Remember the name Chaya Hoffman, as one day she hopes to be known in the world of fashion design with the likes of Versace, Dior and Chanel. Hoffman studied at Bruriah High School and Michlalah, and recently graduated from the Fashion Institute of Technology. After graduating with an associate degree from FIT she reapplied for the two-year bachelor’s program and chose to major in fashion design of “special occasion” dresses. From the pool of 200 applicants she was one of 20 who were selected.
In her field, designers must learn the ins and outs of creating fashion, from the selection of fabric and the intricacies of sewing the proper linings, to undergarments and the techniques necessary to construct the perfect look and design. Her initial year of the program involved creating drawings and sketches and applying the teachings of her professors to the completion of one-of-a-kind garments. The classes at FIT taught Hoffman about creating coats, couture wear, intimate apparel, knitwear, sportswear and activewear. Her very first special occasion project was to design a wedding gown.
As a young child Hoffman grew up drawing on anything she could get her hands on. She drew on the walls, on books and on tables, and when it got to be too much for her parents to bear they would take away her markers as a punishment. She also loved dressing up in her mother’s hats, heels and shoes. The more sparkle and feathers, the more Hoffman was attracted to the material.
Upon completing her studies at Michlalah, the choice of where to continue her education was a daunting one. Although many assumed she would go to Stern College, she, after consulting with her parents and a rav, decided to go to FIT. She feels strongly, however, that unless someone is well grounded in their Yiddishkeit the challenge of a secular college might be too much for them.
Ever a kiddush Hashem, she became a walking encyclopedia for many of her fellow classmates for anything and everything about Judaism. Many would question her longer skirts and longer sleeves, especially in the summer. She agreed that certainly it would be cooler to dress differently, but she believed strongly in the Torah and her commitment to Yiddishkeit.
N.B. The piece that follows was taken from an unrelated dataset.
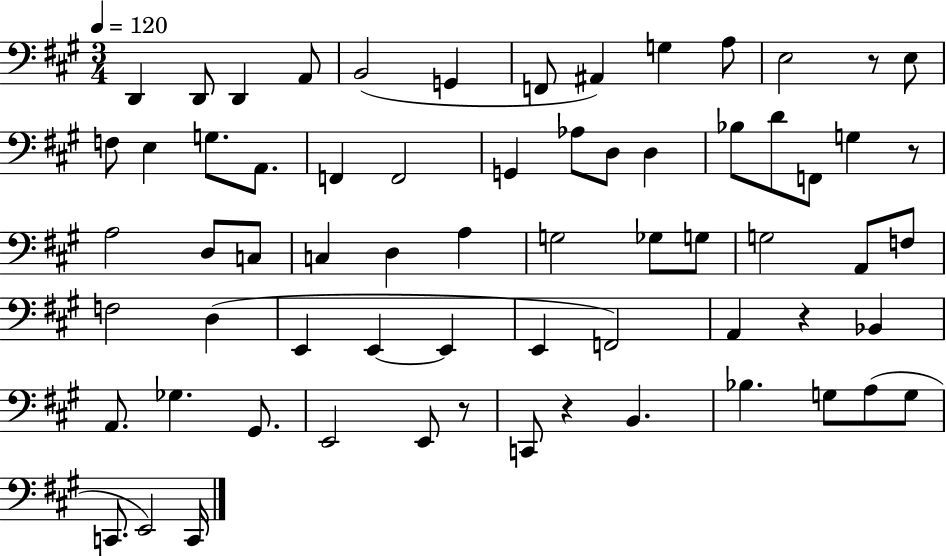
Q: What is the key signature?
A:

She has heard questions throughout her years of schooling at FIT with regard to shatnes in various fabrics and tzniut in what she was creating, and she always checked with Rav Yaakov Neuburger, who encouraged her since he felt strongly that Hashem had bestowed upon her a special talent.
Hoffman was known in school as the girl who would wear sparkly tights, perhaps leopard print, with something hot pink to accessorize. She admits that as she gets older her own taste and style have become more refined and dainty.
For her FIT senior thesis, which was in her final semester, Chaya was asked to write a paper on what inspired her to create her 15 designs. From those designs, well-known fashion designer Bibhu Mohapatra and faculty members were asked to select three creations from the students’ entries. On selection day, one of Hoffman’s gowns was chosen for the exhibition.
When the big day arrived, 170 garments were on display for the public to see. Another day was set aside for members of the fashion industry and faculty to choose the designs that would go into the school fashion show. Present at the show were Zac Posen, Dennis Basso and many other well-known designers. The public was asked to vote online prior to the fashion show for the winner of the best creation in the show. The 77 creations were chosen from voters pooled from the fashion world, alumni of FIT, friends and family. Hoffman definitely had a disadvantage as she is not a proponent of social media, yet her creation, of embroidered netting of silk organza, was chosen as the People’s Choice winner.
Ken Downing, a judge of the show, called the Future of Fashion, and senior vice president and fashion director at Neiman Marcus, immediately posted Hoffman’s creation on his Instagram account. Hoffman’s gown has been on display at Neiman Marcus in the Garden State Plaza for the past few weeks.
Hoffman envisions for her future red carpet designs to high-end couture. It is a difficult market to enter, but she’s started strong!